Returning to probability theory, the gamma function itself makes an appearance in an important distribution called—surprisingly enough—the gamma distribution, which has density \[f(x)=\frac{x ^{\alpha-1}e ^{-x}}{\Gamma(\alpha)}\quad(x>0)\] Here \(\alpha>0\) is a parameter controlling the shape of the distribution.
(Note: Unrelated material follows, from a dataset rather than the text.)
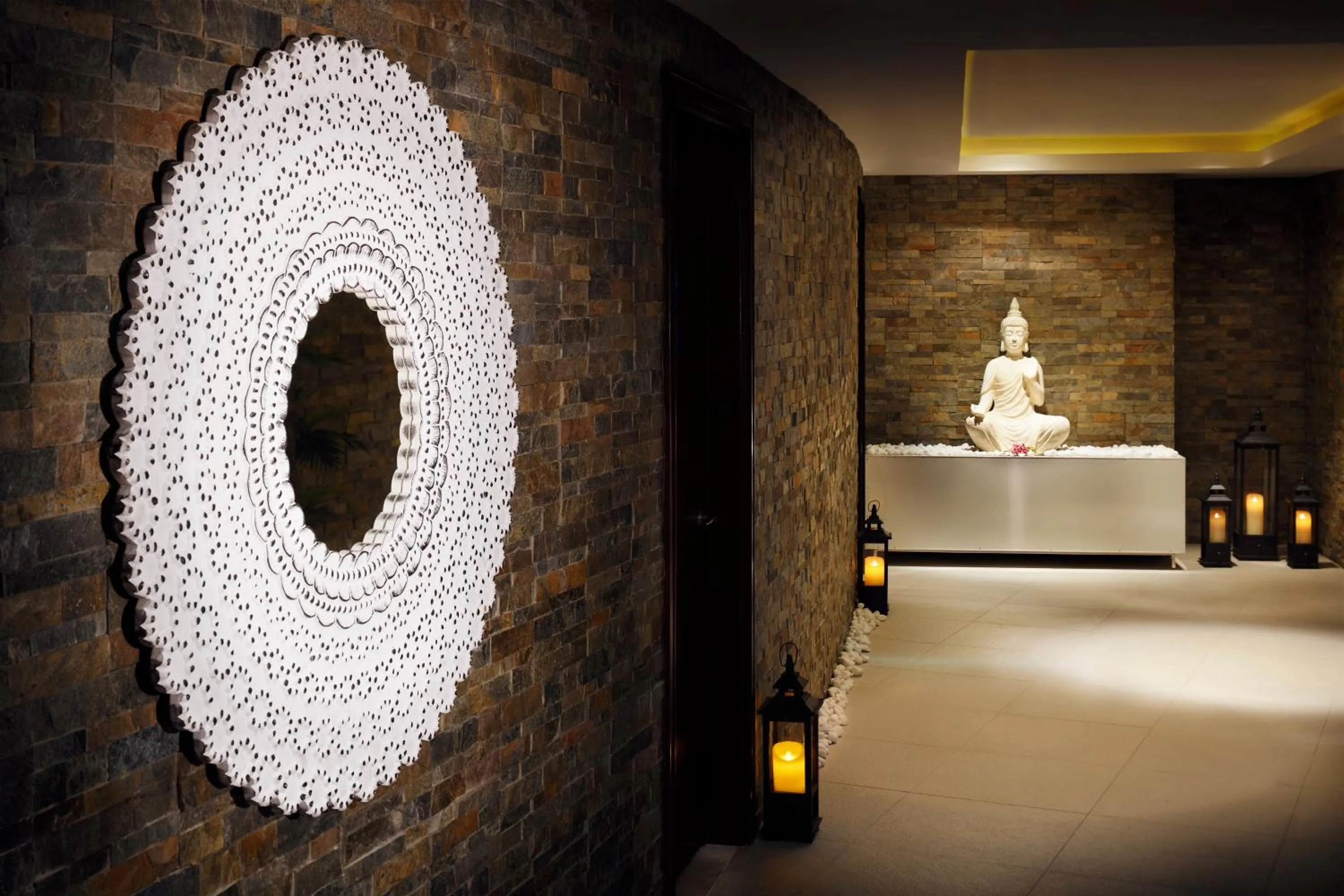 Spa and wellness centre/facilities, Bed in Novotel Dubai Al Barsha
Example: For \(\alpha=2\) the density \(f(x)=xe ^{-x}\) looks like this:

This shape is intuitive. We have \(f(0)=0\) and \(f(x)>0\) for \(x>0\). Since \(e ^{-x}\to 0\) faster than \(x\to\infty\) as \(x\to\infty\), it follows that \(xe ^{-x}\to 0\) as \(x\to\infty\). Since \[f'(x)=e ^{-x}-xe ^{-x}=(1-x)e ^{-x}=0\] only when \(x=1\), it follows that \(f\) attains its maximum at \(x=1\). In general, the gamma density with parameter \(\alpha>1\) attains its maximum at \(x=\alpha-1\). This type of gamma distribution is commonly used to model waiting times.

Conclusion

We see that the realization of the Belief Thought not only provides a rigorous and powerful framework for probability, but also leads to some very interesting mathematics. Starting from a simple question about flipping a coin, we quickly find ourselves hobnobbing with Euler, Gauss, and other great minds. This is part of the pleasure of probability theory!